For instance, when we read of Jesus telling Nicodemus, God so loved the world that he gave his only Son, so that everyone who believes in him may not perish but may have eternal life, do we appreciate the implications of that statement? To help us do so, we must come to a realization that it has both a theological and a personal meaning. It is the latter that matters most, I think. Simply phrased, it means “God loves me.”

But to get to a fuller understanding, we ought to pay attention to each word and to the meaning that is intended by each. Two words are especially striking in this particular verse.

The first is the word “so”. Young people use it a lot these days: “That is so cool.” “This is so not true.” “You are so dead!” Such intensity is intended by the evangelist John. The word “so” is like a loving hug: “God so-o-o-o loves me.”

The second is the word “world”. He could have written that God so loved the righteous or even man (humanity). The Greek word is “kosmos”, which means universe or creation. But in most of the writings of John the evangelist and the apostle Paul, “world” has a very special moral and theological meaning.

In John’s Gospel, the devil is its prince (12:31). For this reason the Christian is hated by the world (15:18) just as Jesus was (7:7). The world cannot know God (17:25). The disciples are told that they do not belong to it. (15:19) Even though they live in it, they are not of it (17:11). They must be comforted by the fact that he has overcome it. (16:33)

In Paul’s epistles, through Christ, the world has been crucified to him and him to the world. (Gal 6:14) With Christ, he had died to the world. (Cor 2:11) The world was condemned, even though God was in Christ reconciling the world to him. (1 Cor 11: 32; 2 Cor 5:19). Bottom line, the spirit of the world is in sharp contrast to the spirit of God. (1 Cor 2:12)

We are told in the Gospel of John (cf. 3:16-18) that God so loved the world that he gave his only Son, knowing that he would be sending the one he so dearly loved into harm’s way and that he would die a horrible death in order to show us the way out of the darkness and into the light. This was an act of unconditional and unfathomable love.

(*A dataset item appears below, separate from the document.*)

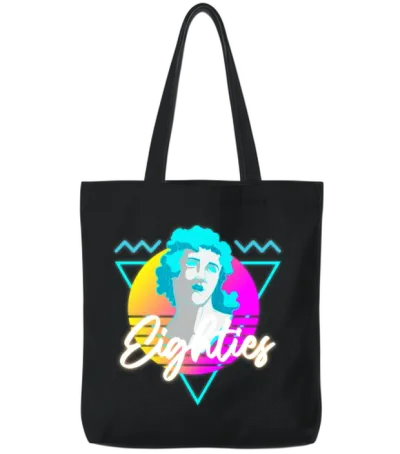 Retro Disco Nostalgia Neon Tote Bags - Black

God so loved the world that he gave his only Son, so that everyone who believes in him may not perish. God could see and sees still how we mindlessly or stupidly wander to the edge of the cliff, teetering on the brink of disaster. He sees, with tear-filled eyes, the devastation that comes from following treacherous paths such as pride, greed, lust, anger, gluttony, envy and laziness.

He knows that we often walk along these ruinous roads because we are lured by the Prince of Illusion and that only the Son can speak the Truth so boldly, only the Son can love so wholly so as to draw us away from the slippery edge of the precipice.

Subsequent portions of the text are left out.